Parents are often reluctant to get a dog because most of the responsibilities fall on their shoulders. They already have busy lives working and providing for the family. They are often tired, yet they rarely show us how hard their lives are. Show them you are thinking about those things and let them know which dog responsibilities are you willing to take on yourself. Will you clean after the dog? Walk them? Get up earlier to do those things and play with the new dog? Will you learn about dog training? Let your parents know which of these things you will do, and you might know how to convince your parents to get a dog.
Parents often don’t believe their kids when they say they will take care of the dog. Most kids will say anything to get what they want, and you need to make sure you are not like most kids. Show your parents you can do all your chores without them telling you to do it. Take out the trash if it is full, and clean the sink if there are dirty dishes. Show your parents you can do what you say you will do. The most important thing is not to expect results right away. Doing these things only one day won’t mean much. Keep at it, and really show your parents what a responsible kid you are.
Dogs can cost a lot of money. There is dog food, insurance, leashes, collars, bowls, dog beds, brushes, shampoos, flea and tick medicine, and many more things dogs will need. If you are serious about getting a dog, talk to your parents about the budget. Let them know you are aware that dogs cost money. If you are old enough, you can take a part-time job to earn a bit of money and help with dog expenses.
Here is something that can strengthen your case in front of strict parent judges. These are some of the physical and mental benefits dogs offer kids, and if you remember them, that might be how you convince your parent to get a dog.
- Kids with dogs get more daily physical activity. You can tell your parents you are looking after your long-term physical health.
- Dogs make families spend more time together. Going for family walks and games in the backyard will make you spend more time with each other. You can say - We can be even closer as a family!

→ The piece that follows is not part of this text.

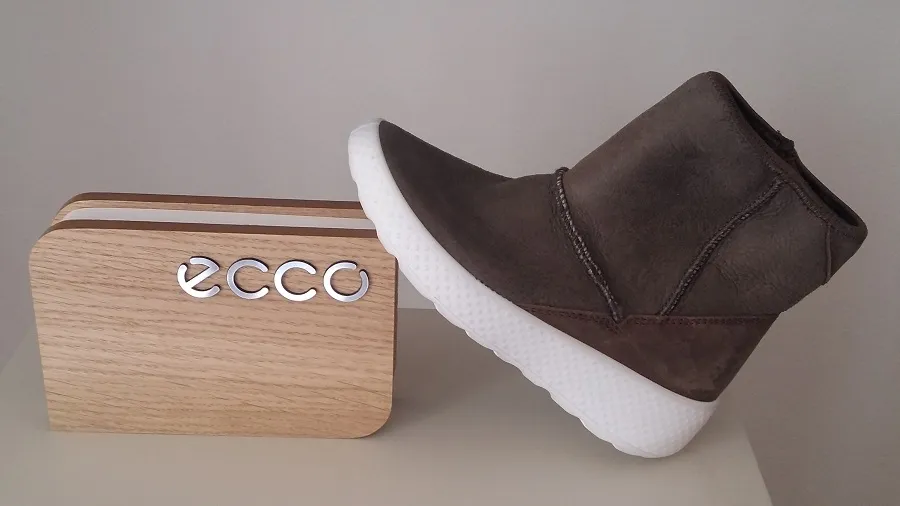 Ecco shape 2017 discount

- Homes with dogs are safer! You don’t need to get a large guard dog, but there are small dogs that make fantastic watchdogs. It is always good to talk about this significant benefit dogs offer.

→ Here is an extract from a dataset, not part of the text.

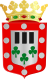 Coat of arms of Meppel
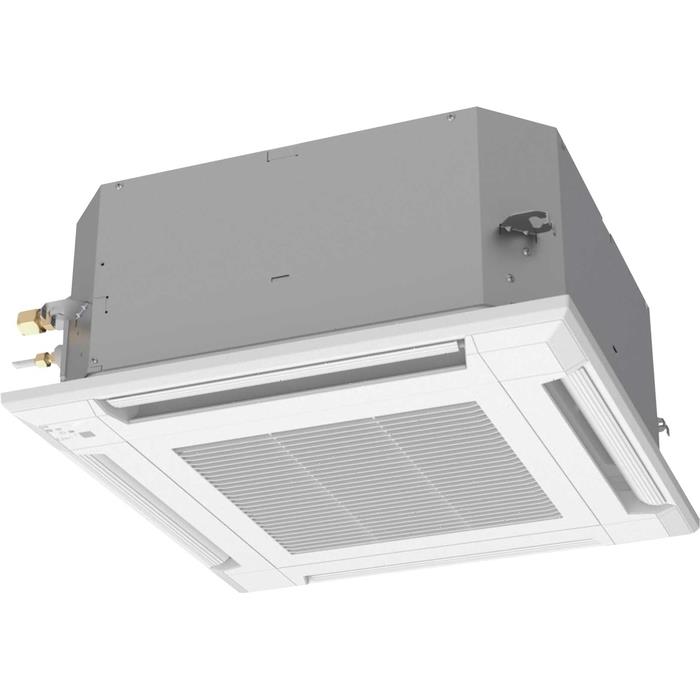 Кассетный кондиционер Fujitsu AUXG12KVLA / AOYG12KATA / UTGUFYFW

- Owning a dog teaches kids responsibility. Responsibility is one of the most essential virtue anyone can have. You don’t have to be the smartest or the prettiest, but you will end up on top if you are responsible and persistent.
If you want to learn more about the benefits kids get from owning a dog, check out this article from the foundation of one of the greatest tennis players that ever lived, Novak Djokovic - Benefits kids with dogs get.
To make your parents see how serious you are, draft a dog-owning family contract. Tell them which responsibilities you will take (skip the money parts at first) and let them know what you are prepared to do if you fail at them. Tell them you will give up your Xbox, Playstation, or computer games. Really let them know how much you would love to get a dog and what you are prepared to do to make it work.
Sneaking and plotting is not the best way to get what you want. Manipulating your parents into getting a dog will not work. The best thing you can do after following these first 7 steps is to have an honest conversation about getting a dog. Maybe one of your parents has dog hair allergies. Luckily for you, there are hypoallergenic dog breeds you can choose from. Check them out in this article - Hypoallergenic dog breeds.
Most parents get worried about your grades and extracurricular activities. Don’t get defensive, and let them know you are aware the dog will take a lot of your time. Make sure you do well in school, and you can always tell them that kids with dogs have better communication skills and are more sociable. Dogs have a positive influence on their psychological development.